Posted on Nov 20th, 2008 by Billy Guilfoyle : Everyone Is Going Conscious Billy Guilfoyle

The funny thing about Zen koan is that there is the questioning, which IS the answer. In essence, the answer is in the moment. And this is a living experience. When there are expectations of a future gift or payoff, or when there are dwellings on past pains and even successes, there is the loss of relaxation into the moment, where all thoughts are actually occurring.

We have this natural appreciation for those who dwell in the moment. They are the most spontaneous people we see. They are comfortable in their own skin. They can cry on camera without showing the least sign of being out of the moment, and we pay these great actors well. But they are not acting. They are really there in this place of tears. They are the crying. Their being IS the experience being conveyed. And we love them.

If the last idea or concept in the mind is that once all concepts, thoughts, and ideas are let go of we will experience oneness and peace, then when we let go of this last idea we will experience its truth. This means saying, "I don't know." This means letting go of all sides we might choose to fall to, be it democrat or republican, atheist or believer, black or white, liberal or conservative, hippie or yuppie, racist or humanitarian, hetero or gay, drunk or sober, blah blah blah. Buddha suggested a middle way. This would point to awareness falling upon the noticing of both sides of all without choosing either side.

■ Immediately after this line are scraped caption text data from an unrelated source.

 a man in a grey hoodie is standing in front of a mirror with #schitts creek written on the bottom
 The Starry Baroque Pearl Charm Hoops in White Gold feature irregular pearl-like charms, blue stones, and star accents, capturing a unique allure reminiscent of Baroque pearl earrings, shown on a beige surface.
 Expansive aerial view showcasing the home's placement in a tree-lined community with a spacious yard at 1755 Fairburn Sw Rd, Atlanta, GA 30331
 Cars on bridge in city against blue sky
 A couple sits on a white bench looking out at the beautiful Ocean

The mind is a reflection of all that there is. There is emptiness in silence. And when the mind is silent, life springs into existence out of this nothingness in the form of thoughts and impressions. And as suns and planets arise and disappear within the infinity of space, space never once chooses to identify with any of it. It simply sits still as the womb that holds and supports existence.

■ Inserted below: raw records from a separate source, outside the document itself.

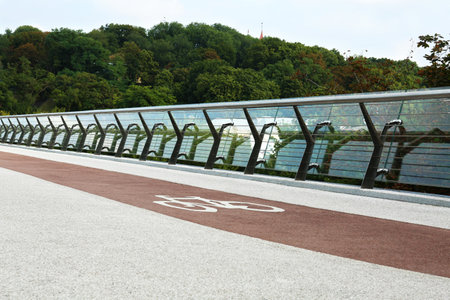 modern bridge with bike lane over riverの写真素材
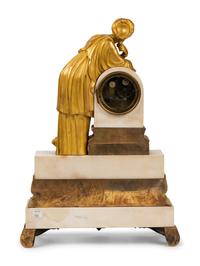 A Louis Philippe Gilt Bronze and White Marble Mantel Clock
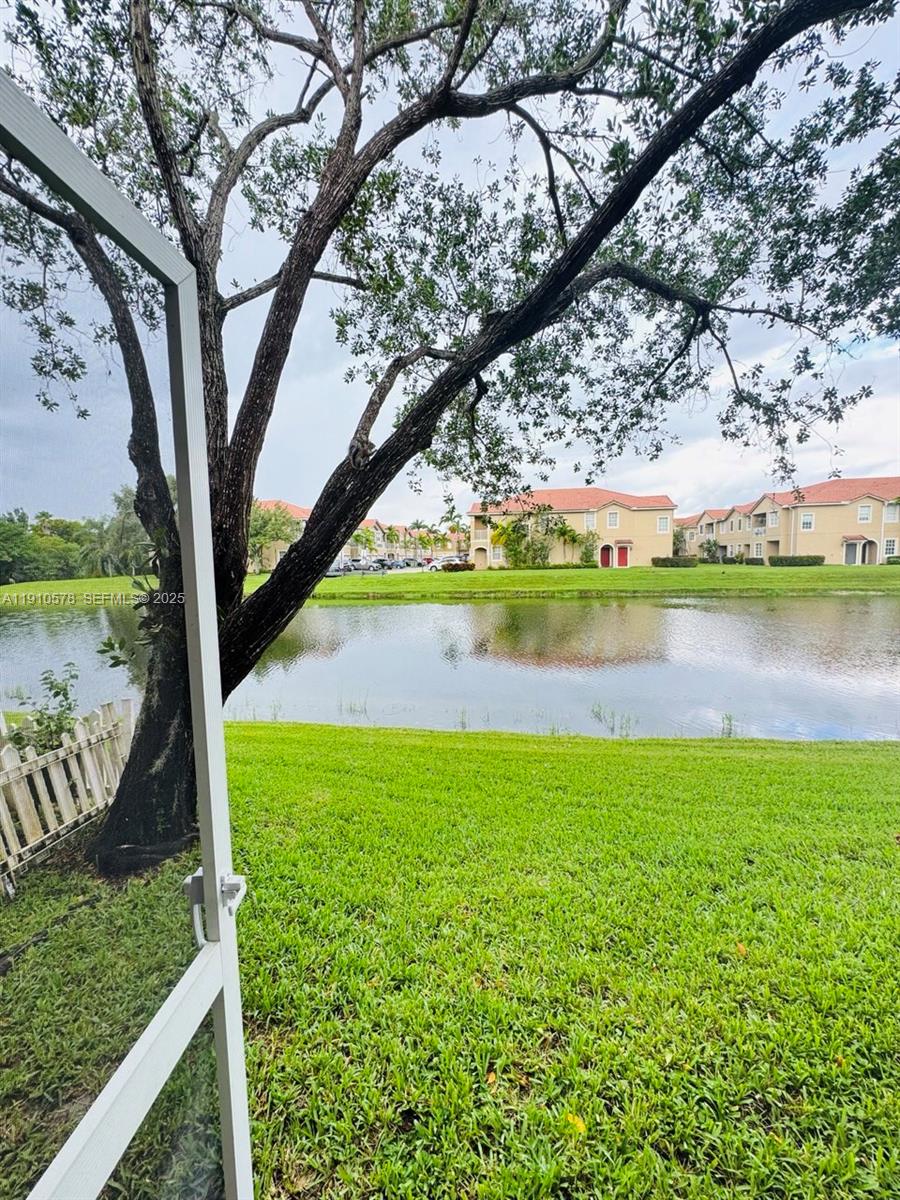 5753 Isles Circle Tamarac, FL 33321 - Photo 11 of 13 a view of a yard with an outdoor seating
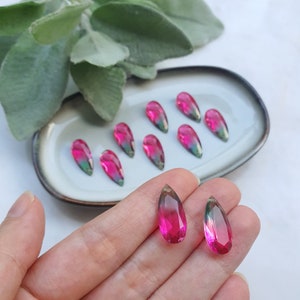 May include: A collection of teardrop-shaped glass beads with a pink and green ombre effect. The beads are displayed on a plate and in a hand.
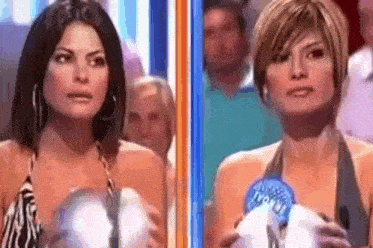 two women are standing next to each other on a stage holding a microphone .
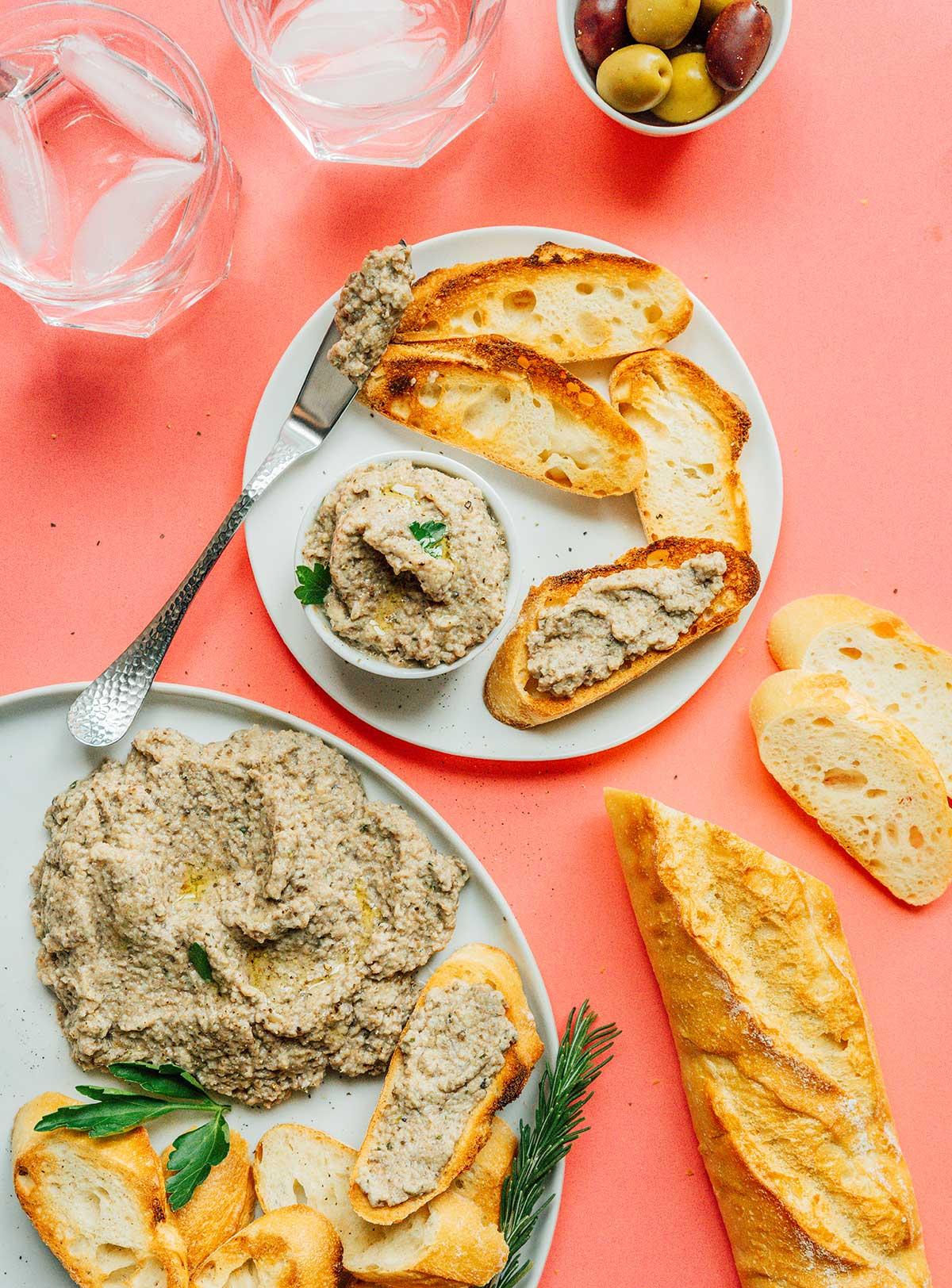 Pilzpastete 4 Eine kleine Schale Pilzpastete auf einem weißen Teller mit Scheiben von französischem Brot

We come out of the universe like a leaf on a tree. And yet our impressions from our senses along with our inward opinions about them creates this sense of self that we call our self-view. We see how inaccurate self-views can be for those who are skinny and yet see themselves as "fat". We see how inflated egos can be way off the mark. The world as we see it in our opinions of mind arises simultaneously with the self-view as we see it. And what is not acceptable is seen out there, while what is acceptable is seen in here. In the absence of this view of out there and in here, in the silence of mind without these thoughts, we are left with what actually is, which is one and which is our actual selves, our nature.